Our primary goal here is to raise awareness of the importance of measurement error and confounding in mediation analysis by describing how violating these assumptions affect mediation analysis, illustrated by an applied mediation example. As the magnitude and direction of the bias is not always predictable beforehand, researchers should strive to develop and use the most reliable measures of M that are possible to reduce bias. Latent variable models can then be used to remove any remaining bias due to measurement error (Ledgerwood & Shrout, 2011; MacKinnon, 2008). Researchers should also routinely identify and measure potential confounders when possible so these variables can be included in the model. Sensitivity analyses can be used to determine how large of an omitted confounder is needed for a significant effect to become nonsignificant or zero when the mediator is measured with error. The plausibility of such confounders existing for a specific study can then be discussed. Note that while sample size is an important factor when considering statistical significance in a sensitivity analysis, the bias in the estimates of the mediated effect described here is unaffected by sample size.

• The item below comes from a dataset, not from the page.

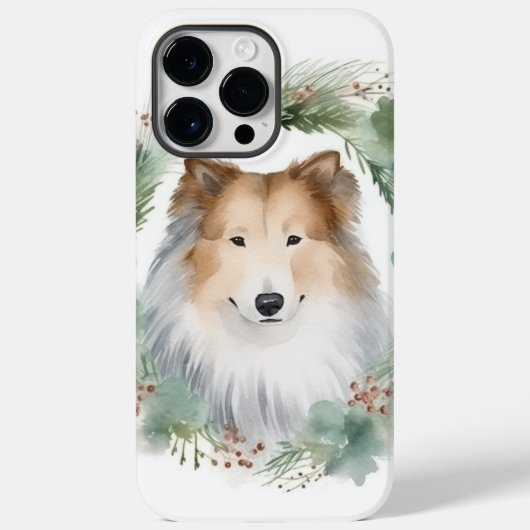 Ruw Collie Kerstkrans Feestelijke Pup Case-Mate iPhone Case (Achterkant)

The equations presented in this article provide a way for researchers to investigate the extent to which measurement error and omitted confounders may alter estimates in the single-mediator model. Given that there may be multiple omitted confounders that exert their influences at different times and the true effects of each confounder are likely unknown, values to be used in these equations can be chosen based upon many different criteria. For example, values can be found by using the theoretical relation between a specific omitted variable and the included variables, by using prior research where the confounder was measured and included in a similar model, or by selecting values to examine the amount of bias in b and c′ that would result from omitting a confounder with specific effects (e.g., positive medium effects) on M and Y (see also Cox et al., 2014). Values of reliability used in the equations to assess how measurement error affects mediation analysis can be obtained from published studies and other prior information or by assessing how different hypothetical reliability values affect results. Perhaps a first goal for applied researchers who use mediation models is to obtain information about possible confounder effects and reliability of measures for their variables of interest. Routinely reporting information about reliability, suspected omitted confounders, and sensitivity analyses as part of all statistical mediation analysis results would go a long way towards providing information about the magnitude and direction of bias found in different research areas.

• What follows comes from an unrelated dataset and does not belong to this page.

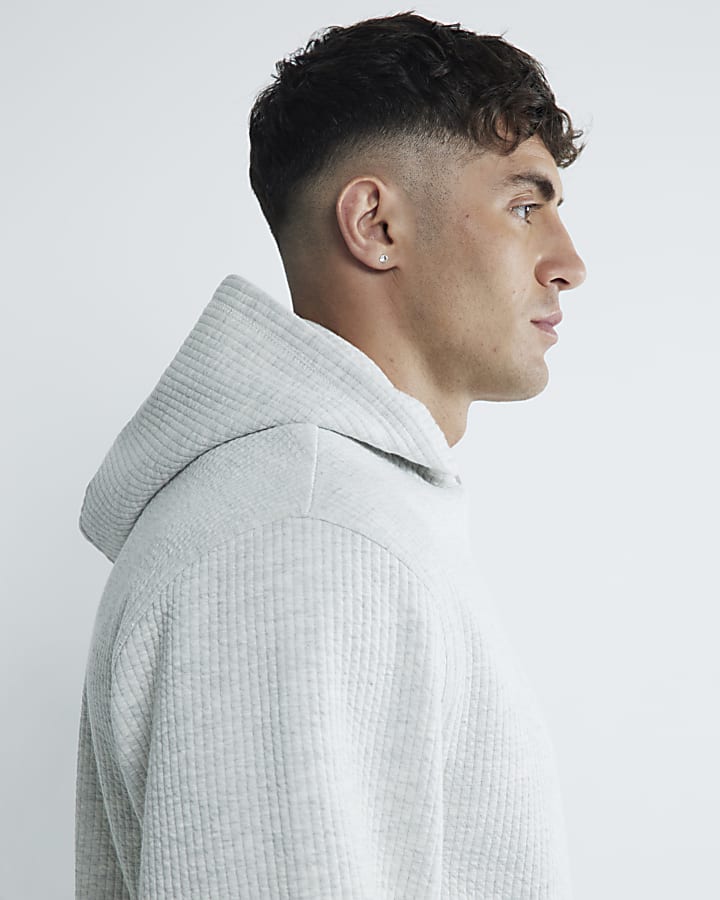 Grey Quilted Hoodie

We wish to emphasize that researchers should not use the results presented here to justify ignoring measurement error and confounders. In order to cancel out completely, the effects of measurement error and the omitted variable need to be approximately equal. As shown in Table 3, as the reliability of M decreases, the size of the effect of the omitted variable needed to exactly cancel the effect of measurement error can become quite large. For very low reliabilities, the effects of the presumed omitted variable needed to cancel out the effect of measurement error are so large that it may not even be possible to find an effect that large in the social sciences. In turn, for omitted confounders with very large effects, in order to exactly cancel out the effect the reliability of the mediator would need to be so low that the measure of M would be essentially useless.

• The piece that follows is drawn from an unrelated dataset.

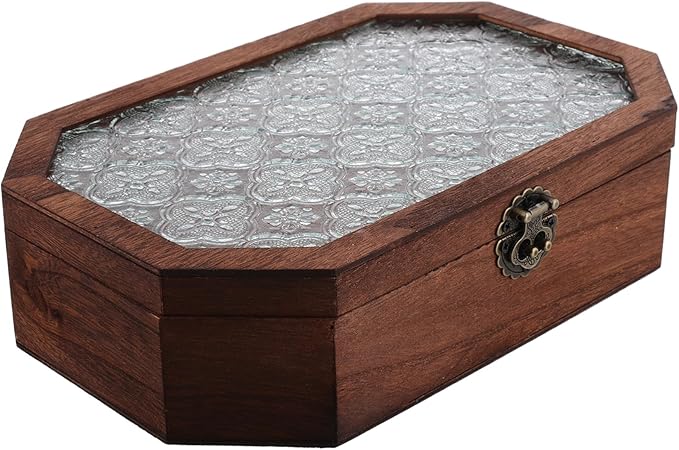 LIOOBO Wooden Desk Storage Box Begonia Lid Vintage Makeup Organizer Small Decorative Jewelry Box for Trinkets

Additionally, the discussion of confounders was necessarily simplified here to one very specific scenario in order to clearly illustrate the potential impact of the single-mediator model simultaneously containing measurement error and omitted confounders. When cases are randomly assigned to levels of X, as assumed in the examples presented, then in most cases it can be assumed there are no confounders of the X to M or X to Y relation (Holland, 1988; Judd & Kenny, 2010; MacKinnon, 2008). There are exceptions to this, however, including a failure of the random assignment to create groups balanced on the pre-randomization level of the confounder, a post-treatment confounder that is actually a mediator, and attrition. Besides causing X and the confounder to be related, attrition represents another possible source of bias not considered here. If the data are missing due to M or Y, the data are missing not at random. If the data are missing due to the treatment or the confounder, then the data are missing at random (MAR). Because models for MAR data, such as full information maximum likelihood and multiple imputation, require the source of the missingness to be included in the model to obtain unbiased estimates (Enders, 2010), data missing due to treatment should be ignorable in the example presented here. Data missing due to the confounder, however, are nonignorable because the omitted confounder is by definition not included in the model, resulting in further bias to the mediated effect.
Regardless of the reason for the relation, when a confounder that is related to X is omitted from the single-mediator model, then the estimates of a and c are biased and the bias in the estimates of b and c′ changes. If the confounder exerts its influence after the cases are randomly assigned to levels of X or if X is not a manipulated variable, such as in a purely observational study, then it is more likely that X and the confounder are related. When X and the confounder are related, consideration must be given to whether the confounder is only a confounder of the M to Y relation or is directly caused by X, which means the confounder is actually a mediator of the X to M and X to Y relations. As noted by numerous authors (e.g., Baron & Kenny, 1986), it is unlikely in the social and behavioral sciences for a single variable to completely mediate the relation between two other variables. Instead, single-mediator models represent a small portion of a much larger process consisting of numerous variables that are all interrelated, some causally, others noncausally. What complicates this further is that a single construct may have multiple roles depending on when it exerts its influence on the other variables in the model (e.g., is it time-varying or time-invariant) and when these effects are measured.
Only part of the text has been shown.